◆ MATERIAL SHOWN ◆
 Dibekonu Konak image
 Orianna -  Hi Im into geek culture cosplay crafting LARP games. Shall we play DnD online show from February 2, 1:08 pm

* * *

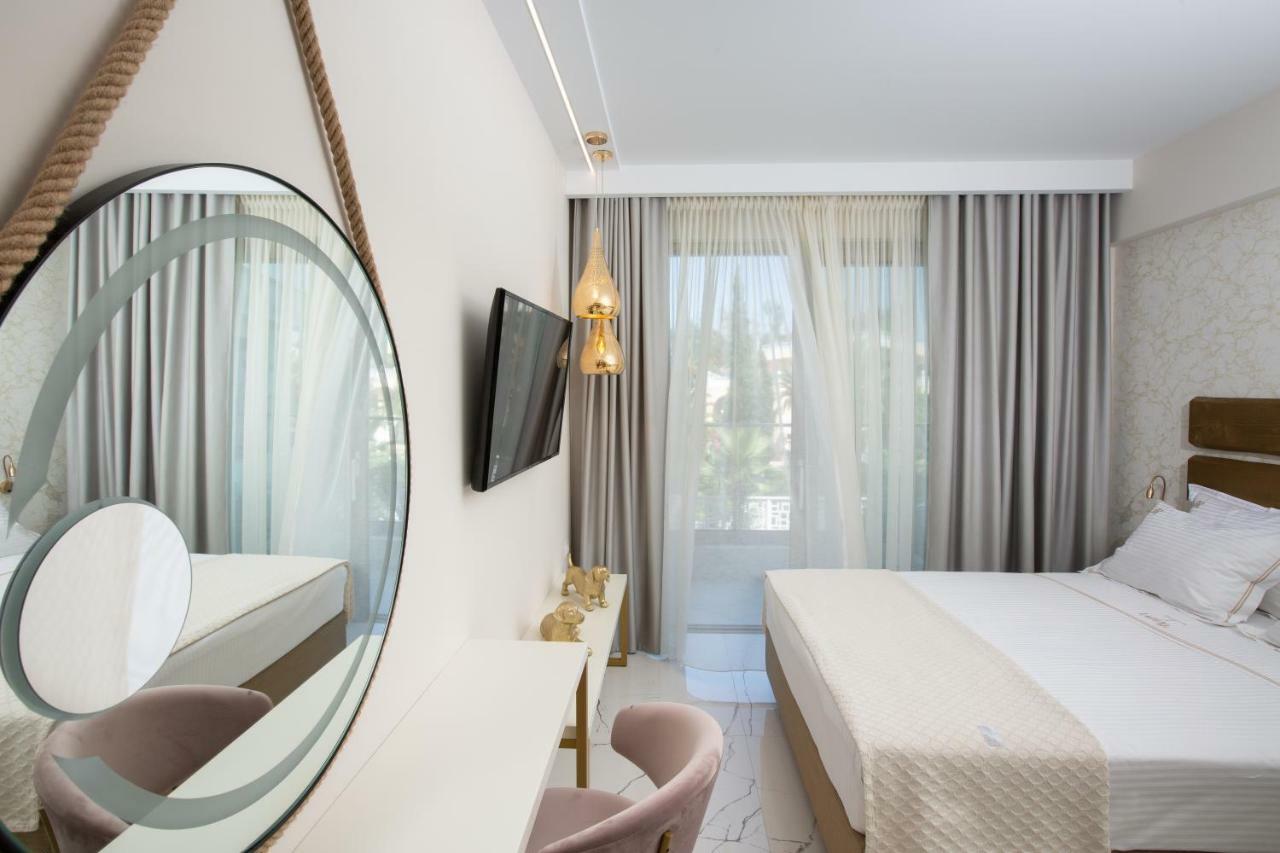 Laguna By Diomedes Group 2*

◆ TASK ITEM ◆
Your answer should consist only of the lines above between the line holding "Dibekonu Konak image" and the line holding "February 2, 1:08 pm", inclusive, each transcribed exactly.

◆ REPLY TO THE TASK ◆
 Dibekonu Konak image
 Orianna -  Hi Im into geek culture cosplay crafting LARP games. Shall we play DnD online show from February 2, 1:08 pm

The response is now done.